La Demagogia en la Acción Política

El recurso, instrumento o mecanismo al que apelan muchos políticos con el propósito de concitar apoyo de manera exagerada y truculenta para sus pretensiones y aspiraciones a candidaturas, nominaciones o postulaciones en campañas electorales es lo que llamamos demagogia.

Presidentes, legisladores y funcionarios a todos los niveles recurren a esta nociva, denigrante y falsa táctica que busca incentivar las pasiones, los deseos o los miedos de la gente para conseguir el favor popular.

La demagogia es una degeneración de la práctica y métodos democráticos.
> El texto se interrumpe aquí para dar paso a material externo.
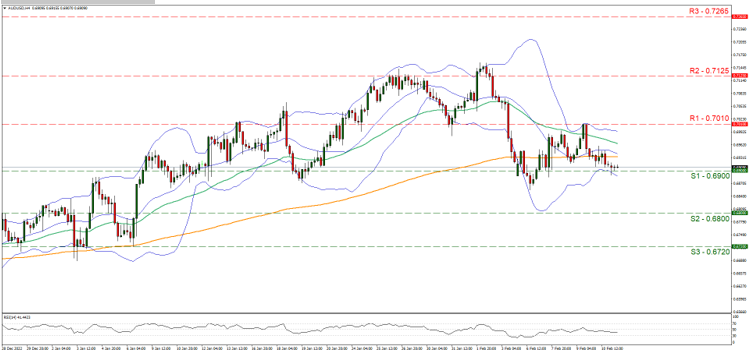 support at zero point sixty nine and and resistance at zero point seven zero one, direction sideways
Es la insinceridad, la mentira, falacia, omisión y manipulación manifestada de forma grosera y temeraria como una utopía, un ideal o una quimera que está latente en una población, conglomerado o comunidad política, y que es el producto de una necesidad, carencia o aspiración que desea ver resuelta o conquistada una sociedad.

Cuando el presidente de la República promete y asegura acabar con los apagones, implementar una revolución educativa o renovar el compromiso con el Estado Democrático o cuando él mismo expresa ante un grupo de campesinos que “se acabó la práctica de que una persona reciba dos sueldos en el Estado”. La ciudadanía ve estos pronunciamientos como un ridículo y una burla, y si ha alcanzado algún nivel de análisis y criticidad, ese ciudadano lo verá como una perorata o discurso engañoso y, en definitiva, demagógico.

El presidente en lo prometido anteriormente sabe y está consciente que no tiene la más mínima posibilidad de alcanzar dichas metas, ya que, así como domina las fortalezas del gobierno y Estado que administra, sabe también que hay metas que, por sus limitaciones, condicionantes y deficiencias del propio gobierno que gerencia, son imposibles de lograr, por lo tanto, cuando las anuncia con bombos y platillos está actuando demagógicamente.

Es que la demagogia es la hipocresía del progreso y se confunde con el populismo. Es una cortina de humo que pretende entretener a los ciudadanos frente a la profunda crisis que sufren, por ejemplo, en los servicios públicos como: agua, salud, educación, alimentación, electricidad y vivienda.

¿Cómo entretienen esos políticos y funcionarios a los pobres, excluidos sociales, madres solteras, desempleados, campesinos, estudiantes y minusválidos? ¡Oh! Fácil. En una sociedad como la nuestra un presidente de la República o un ministro recurren a medidas inmediatistas, cortoplacistas y de parches, por ejemplo, entrega de bono-luz, bono-gas, bonos-educativos, tarjeta solidaridad; poner piso de cemento a casitas que tienen pisos de tierra, las visitas sorpresas, que, en definitiva, ninguna de esas medidas populistas, electoralistas y clientelares resuelve él o los problemas de fondo y de raíz de la población dominicana.

Cuánta razón tiene Aristóteles al decir que “la demagogia es la degradación o corrupción de la democracia y estrategia utilizada para alcanzar el poder político”.

En la actualidad se respira y transpira un ambiente de repudio, rechazo e indignación por parte de la población dominicana a muchos políticos por su práctica demagógica exhibida en su retórica, en sus mensajes y propaganda para supuestamente ganar adeptos. El demagogo lo podemos comparar con el domador de serpientes.

Todo ciudadano o ciudadana que se incline por la actividad política partidaria, ostente posiciones públicas y de poder, asumiendo roles de autoridad, debe abrazar y poner en ejecución el arte de la prudencia, la decencia, la sinceridad, seriedad, honestidad y transparencia, abandonando la utilización de argumentos falaces aparentemente válidos y que, sin embargo, tras un análisis de las circunstancias, pueden resultar inválidos o simplistas. El demagogo engaña, miente, hace promesas imposibles de cumplir, adormece y hace soñar a su clientela política, proponiendo soluciones fáciles a problemas estructurales graves.

Un político sincero y honesto no le miente a su pueblo ni a su gente, habla con la verdad, con el corazón; educa e ilustra sobre el Estado de la economía, las finanzas, la deuda interna y externa, déficit fiscal, balanza comercial y si hay dificultades económicas, da ejemplo de austeridad en el uso de los recursos. El demagogo aplica el principio maquiavélico “El fin justifica los medios” y, separa así la política de la moral.